● TASK INSTRUCTIONS: Print every line below exactly as written, but leave the pictures behind.

● INFORMATION SHOWN:

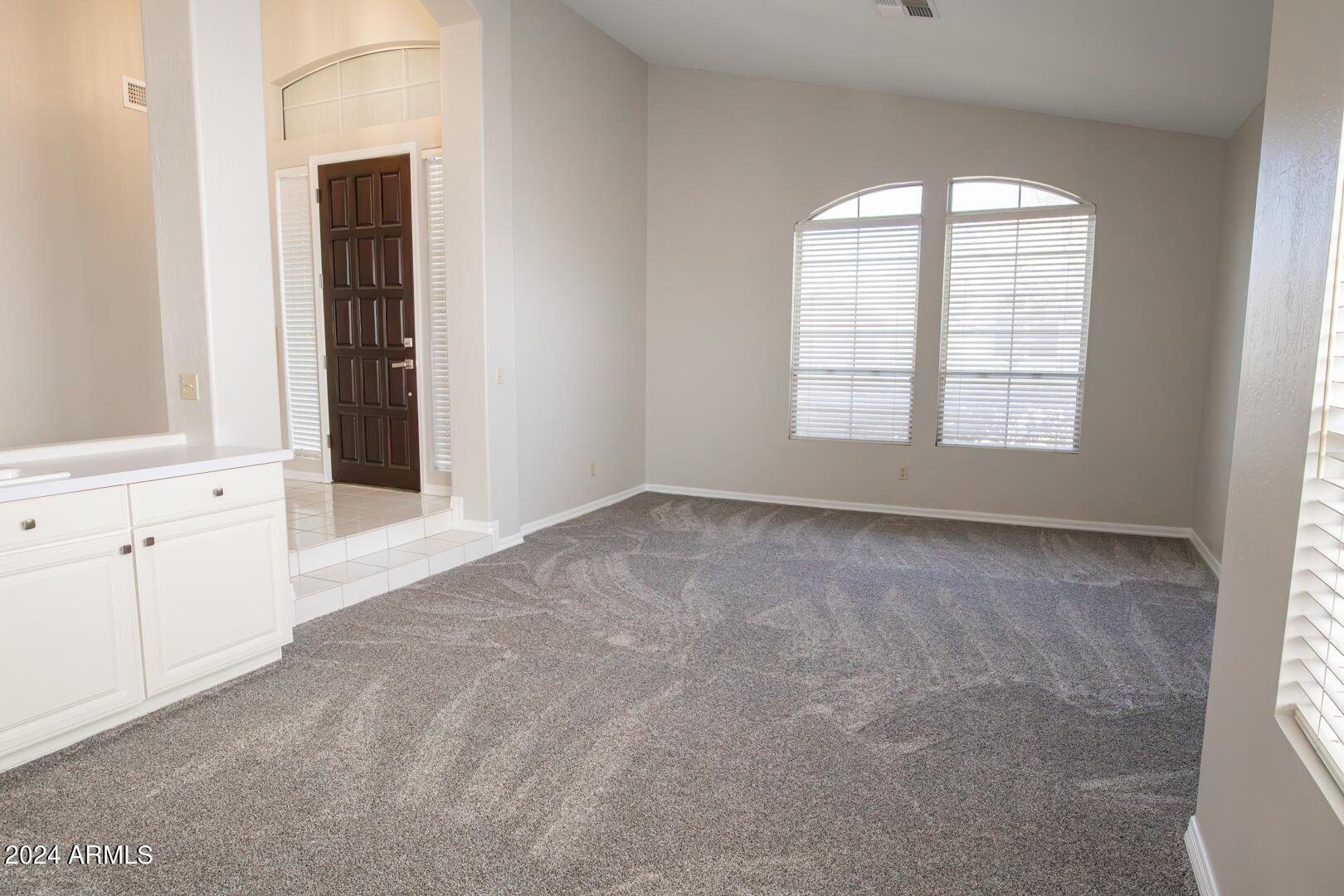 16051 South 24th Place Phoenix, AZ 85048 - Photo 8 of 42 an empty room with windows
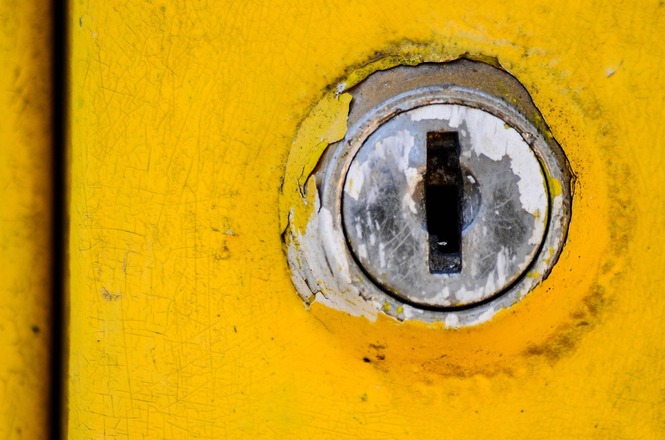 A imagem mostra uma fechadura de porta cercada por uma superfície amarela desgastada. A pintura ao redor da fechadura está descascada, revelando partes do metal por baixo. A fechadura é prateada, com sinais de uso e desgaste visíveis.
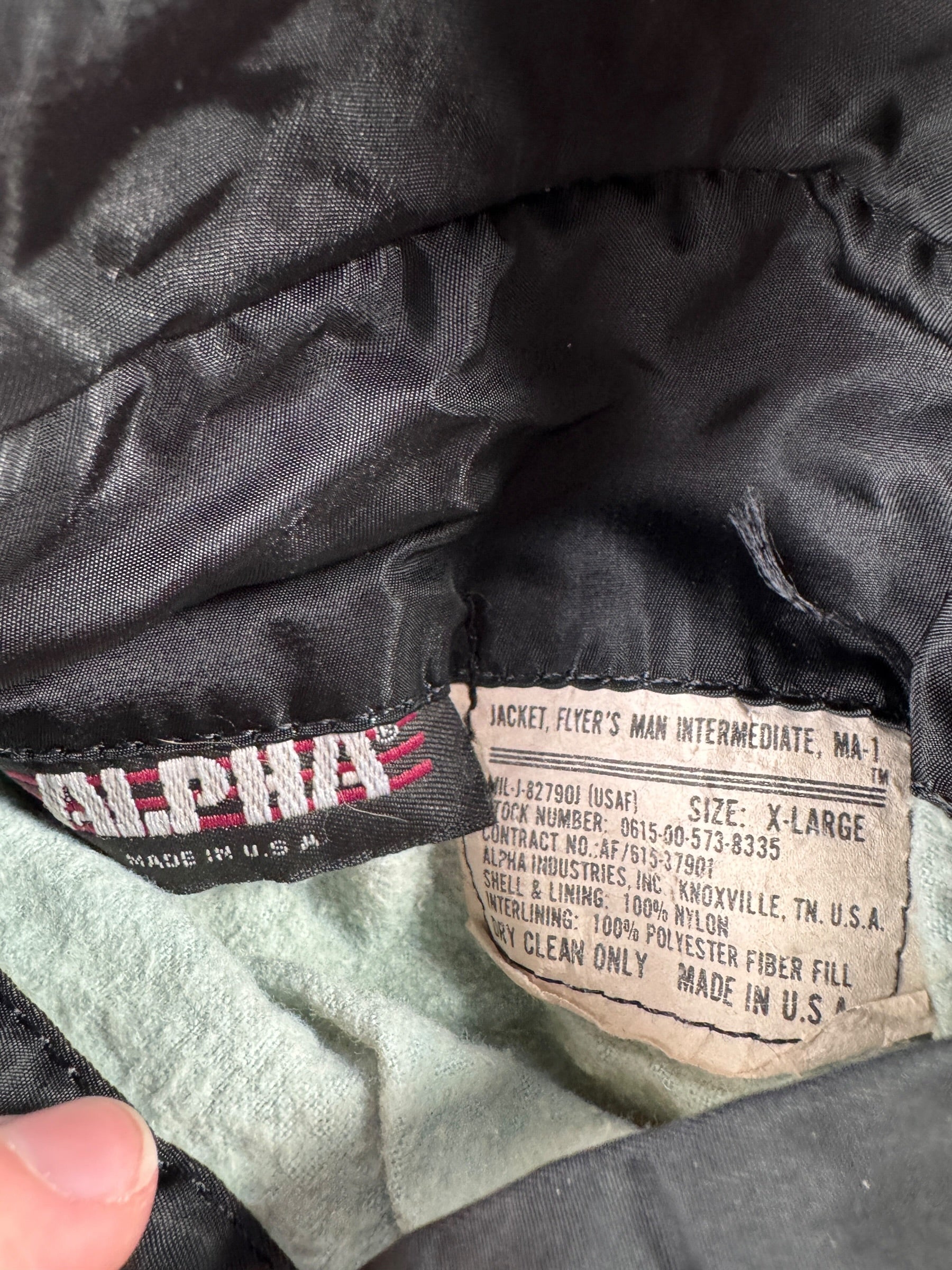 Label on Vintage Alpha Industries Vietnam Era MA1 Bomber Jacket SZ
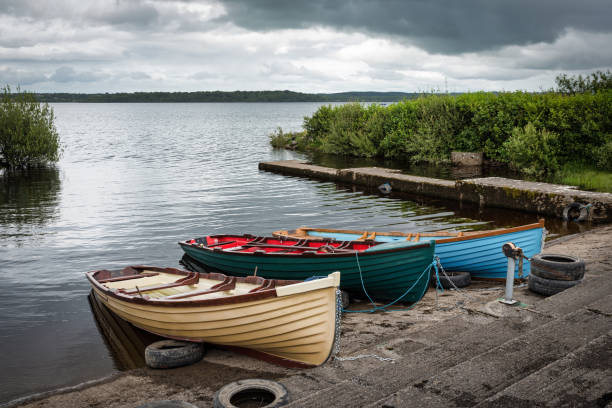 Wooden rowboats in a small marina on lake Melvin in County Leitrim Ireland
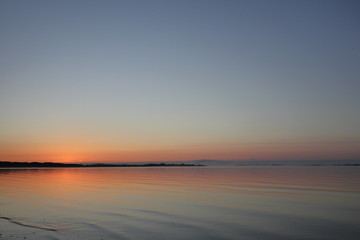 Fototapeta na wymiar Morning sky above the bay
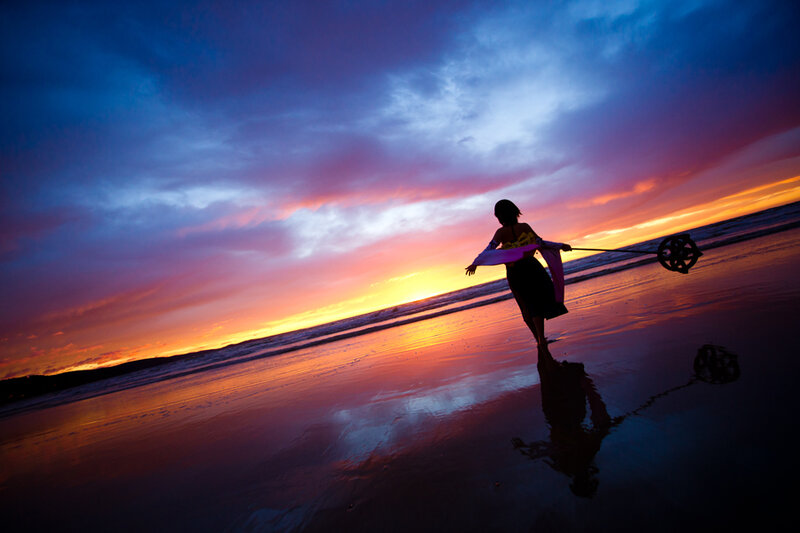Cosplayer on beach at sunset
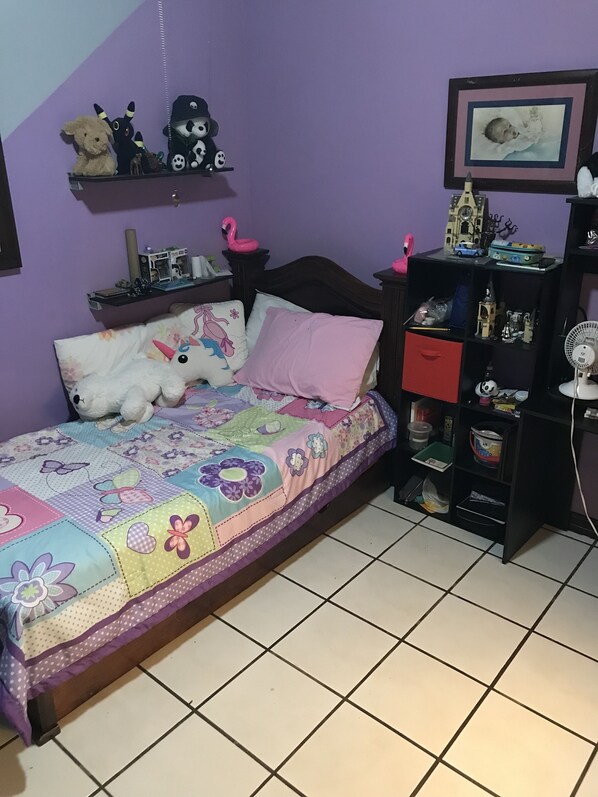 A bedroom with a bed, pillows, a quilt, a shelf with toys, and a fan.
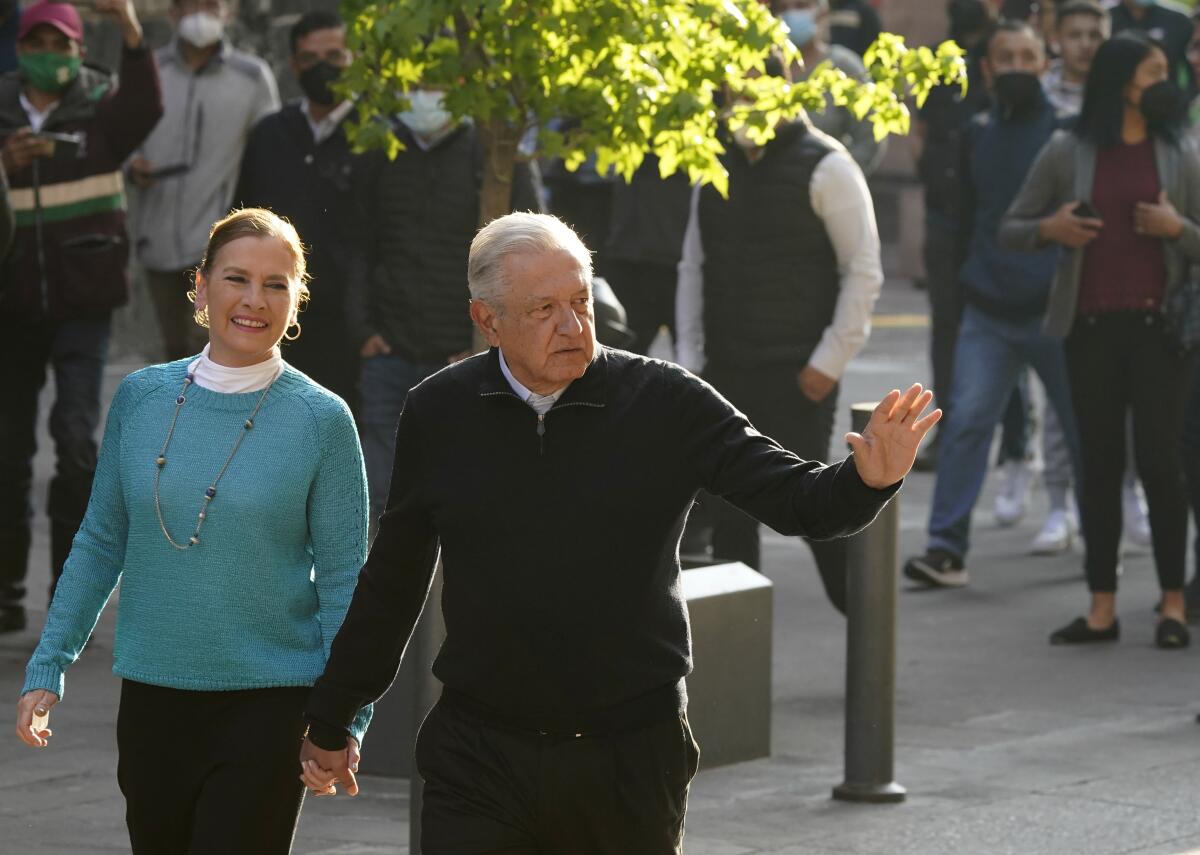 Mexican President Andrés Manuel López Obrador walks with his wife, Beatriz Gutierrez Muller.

● ANSWER TO THIS PROBLEM:
 16051 South 24th Place Phoenix, AZ 85048 - Photo 8 of 42 an empty room with windows
 A imagem mostra uma fechadura de porta cercada por uma superfície amarela desgastada. A pintura ao redor da fechadura está descascada, revelando partes do metal por baixo. A fechadura é prateada, com sinais de uso e desgaste visíveis.
 Label on Vintage Alpha Industries Vietnam Era MA1 Bomber Jacket SZ
 Wooden rowboats in a small marina on lake Melvin in County Leitrim Ireland
 Fototapeta na wymiar Morning sky above the bay
Cosplayer on beach at sunset
 A bedroom with a bed, pillows, a quilt, a shelf with toys, and a fan.
 Mexican President Andrés Manuel López Obrador walks with his wife, Beatriz Gutierrez Muller.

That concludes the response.